-- BRIEF --
Please copy out the entries below exactly, beginning with the line that contains "Kids Bike 12" and ending with the line that contains "Smart Car Backseat Organizer (Pack of 2)", and include nothing outside that span.

-- THE INPUT --
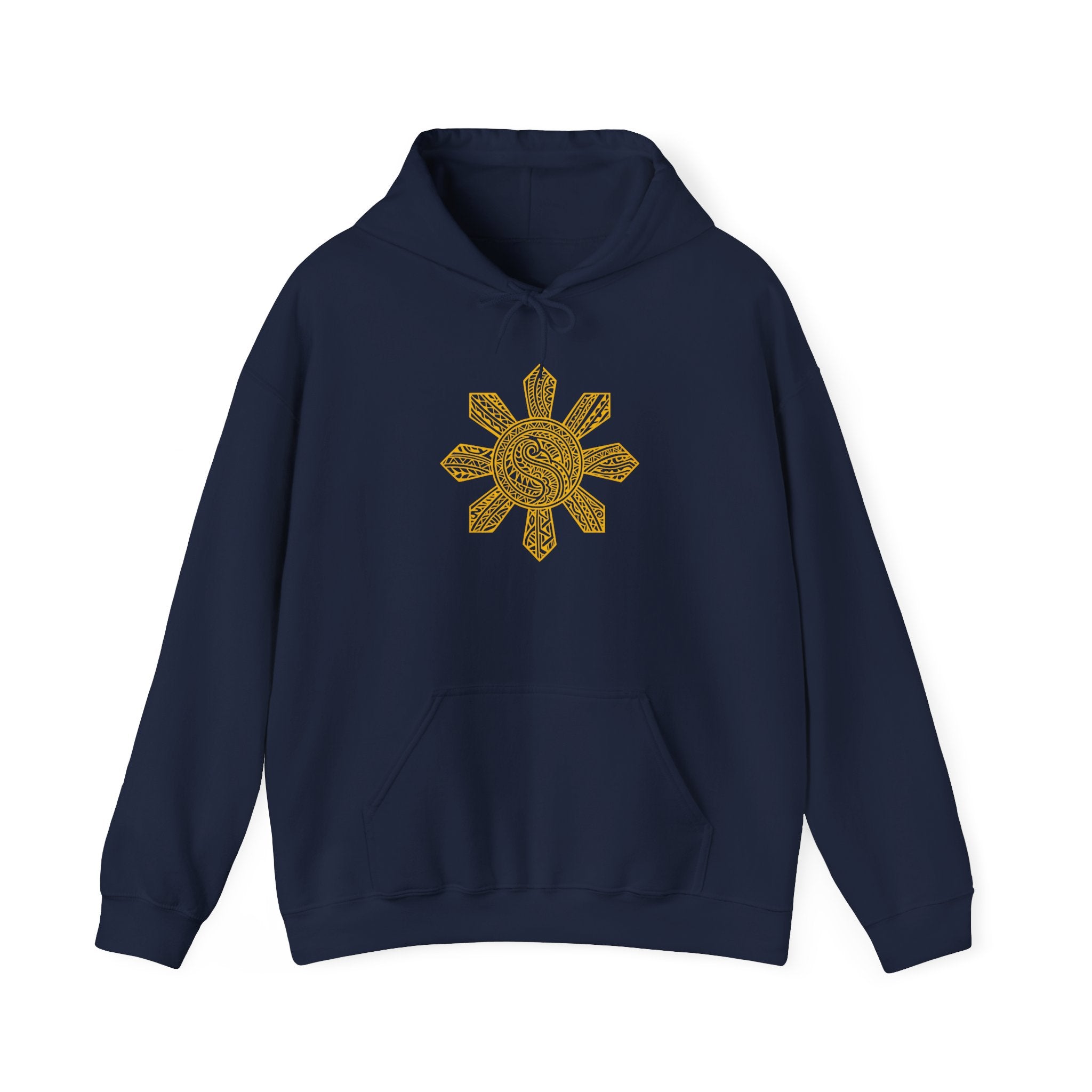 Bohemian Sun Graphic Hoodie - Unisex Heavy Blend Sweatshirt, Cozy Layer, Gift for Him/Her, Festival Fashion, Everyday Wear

==

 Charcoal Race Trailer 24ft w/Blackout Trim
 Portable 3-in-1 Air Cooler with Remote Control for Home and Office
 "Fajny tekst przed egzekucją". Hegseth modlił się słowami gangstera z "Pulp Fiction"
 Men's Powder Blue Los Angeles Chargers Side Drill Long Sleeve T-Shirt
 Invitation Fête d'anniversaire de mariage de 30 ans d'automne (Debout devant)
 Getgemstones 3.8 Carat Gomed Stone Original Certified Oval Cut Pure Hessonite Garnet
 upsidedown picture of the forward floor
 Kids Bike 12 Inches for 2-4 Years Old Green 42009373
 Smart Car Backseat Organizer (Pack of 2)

---

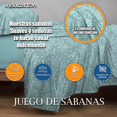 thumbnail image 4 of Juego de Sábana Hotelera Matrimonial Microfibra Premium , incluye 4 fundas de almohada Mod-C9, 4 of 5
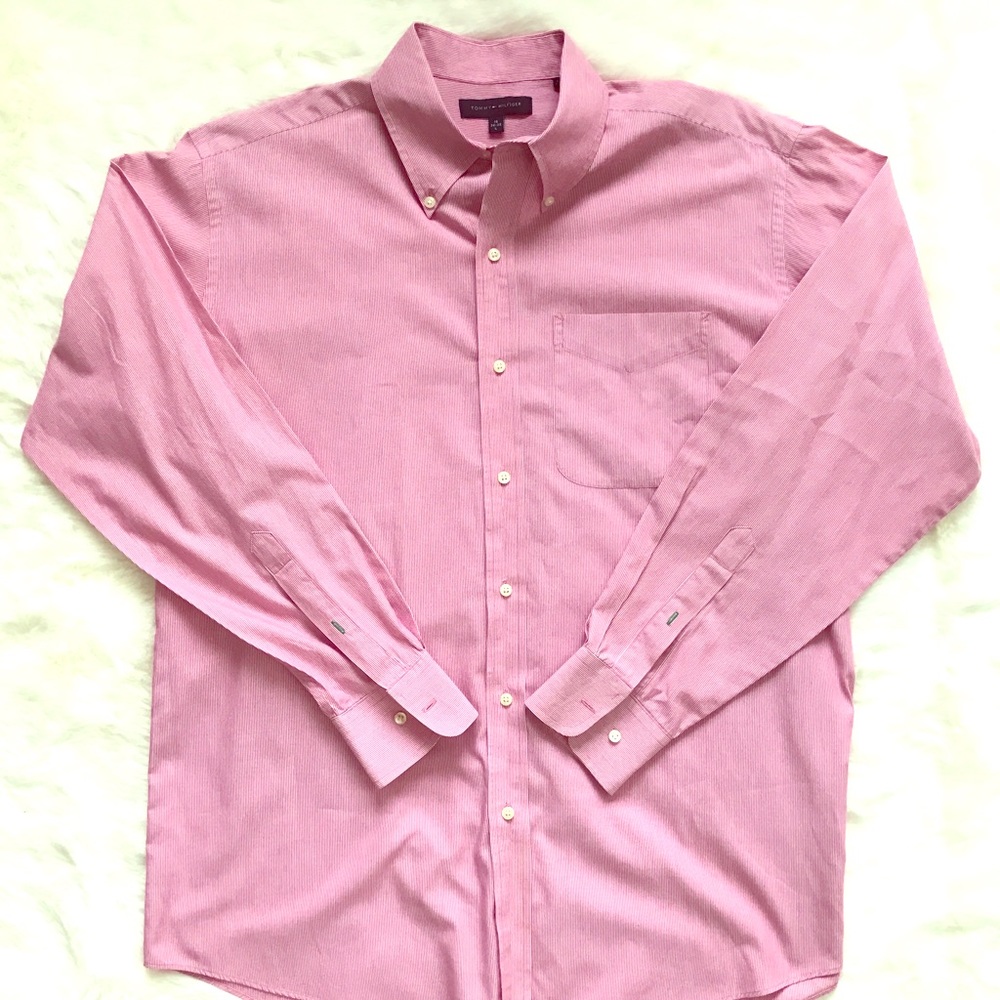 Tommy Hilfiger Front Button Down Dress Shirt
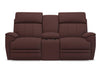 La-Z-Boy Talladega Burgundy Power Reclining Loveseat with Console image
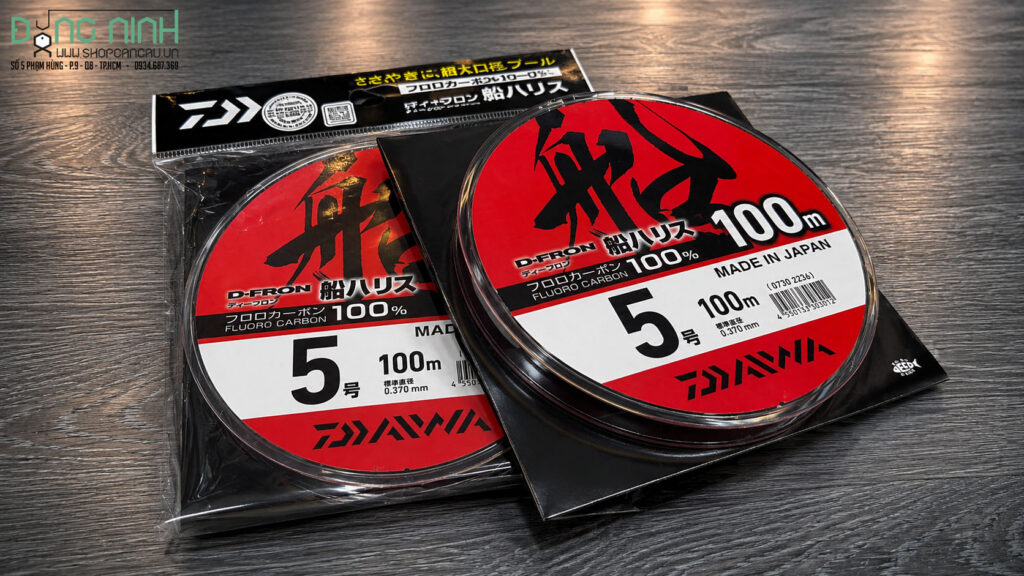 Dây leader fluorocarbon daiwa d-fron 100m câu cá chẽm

-- WRITTEN RESPONSE --
 Kids Bike 12 Inches for 2-4 Years Old Green 42009373
 Smart Car Backseat Organizer (Pack of 2)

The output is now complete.